He said it was nevertheless notable that no one died in any of the fires.

"In all of the cases, there was no loss of human life and injuries to firefighters and civilians were minor," Hopkins said. "I do think it is coincidence that these all occurred around the same time. The destruction these fires caused should reinforce to everyone the need for smoke detectors in every room of the house, both having and practicing an escape plan, understanding that electrical equipment and appliances can and do malfunction and should not be left operating when you are not home, and that grills must be used properly and charcoal briquettes must be cooled and then disposed of properly as well."

Hopkins added that volunteers in Bel Air, as well as those throughout the county, have done an "amazing" job, including backing each other up during extreme weather.

At a recent county public safety meeting, commission head Tony Bennett also commented on the fires.

"I can tell you that some [of] it is due to the inattention of property owners." Bennett said. "You normally don't that many building fires in that short a period of time."

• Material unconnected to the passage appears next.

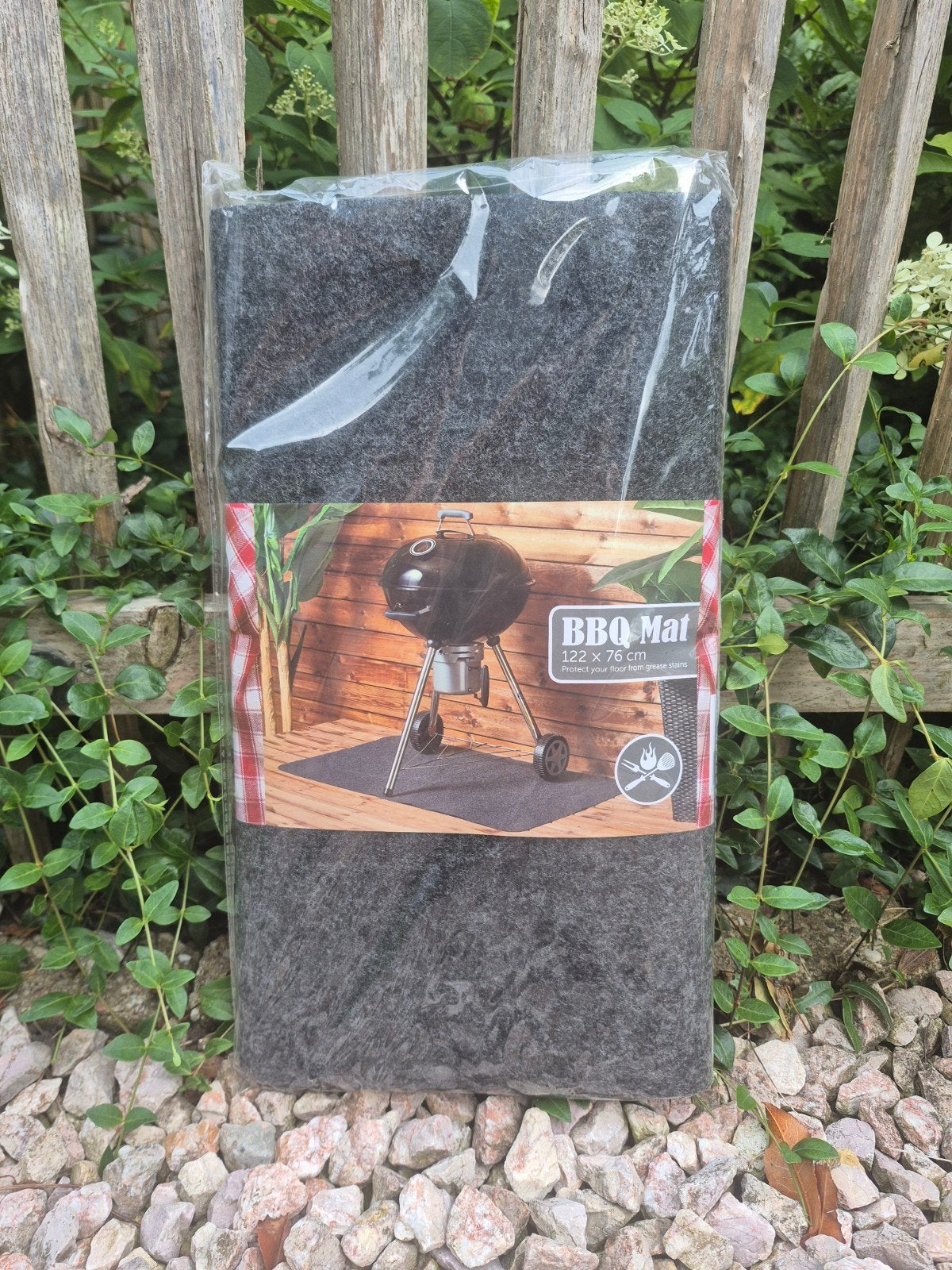 Bbq/houtkachel (brandwerende) mat, Ophalen of Verzenden, Nieuw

He said it has made him very busy in the past few weeks.

"I have a shower in my office and I've used it," Bennett noted.

Bruce Bouch, a deputy with the State Fire Marshal's office, said he likewise does not know why fires often come in waves.

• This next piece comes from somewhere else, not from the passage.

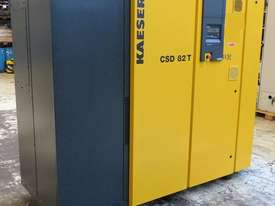 2009 Kaeser CSD82T Electric Compressor with built in Dryer, 290cfm 11bar 8745 Hours on Clock - picture0' - Click to enlarge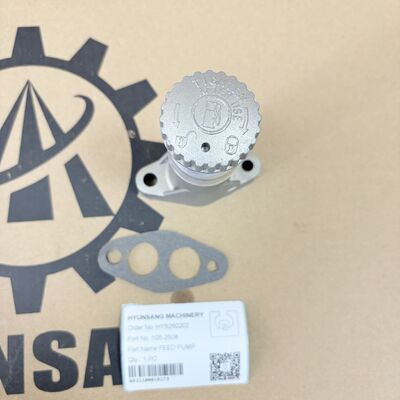Hyunsang Excavator Parts FEED PUMP 105-2508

"It tends to go in rolls, and that is what I can't figure out," Bouch said Thursday. He said it was frustrating in light of the fact that Maryland had the lowest number of fire-related fatalities last year.

"A lot of the accidental fires, obviously, most can be prevented just by maintaining things in the home," he said. "It's irritating, because with all the releases I do... it's still up to the individual to heed the message and follow the instruction."

Buildings suffer extensive damage

The cause of the most recent fire, at a townhouse in the 1000 block of Waterside Court in Edgewood on Tuesday, was preliminarily listed as "incendiary," according to the Maryland State Fire Marshal's Office.

The month began with a July 6 fire in the 300 block of Joppa Crossing Court. No one was home at the time and no one was injured in the blaze; a dog was rescued from the house.

The fire totaled $10,000 in damage and was caused by "spontaneous combustion" of rags in a trash bag.

On July 15, a dog was killed in a Joppatowne fire, in the first block of Fort Hoyle Road. The fire began in a laundry room, where an electric clothes dryer malfunctioned.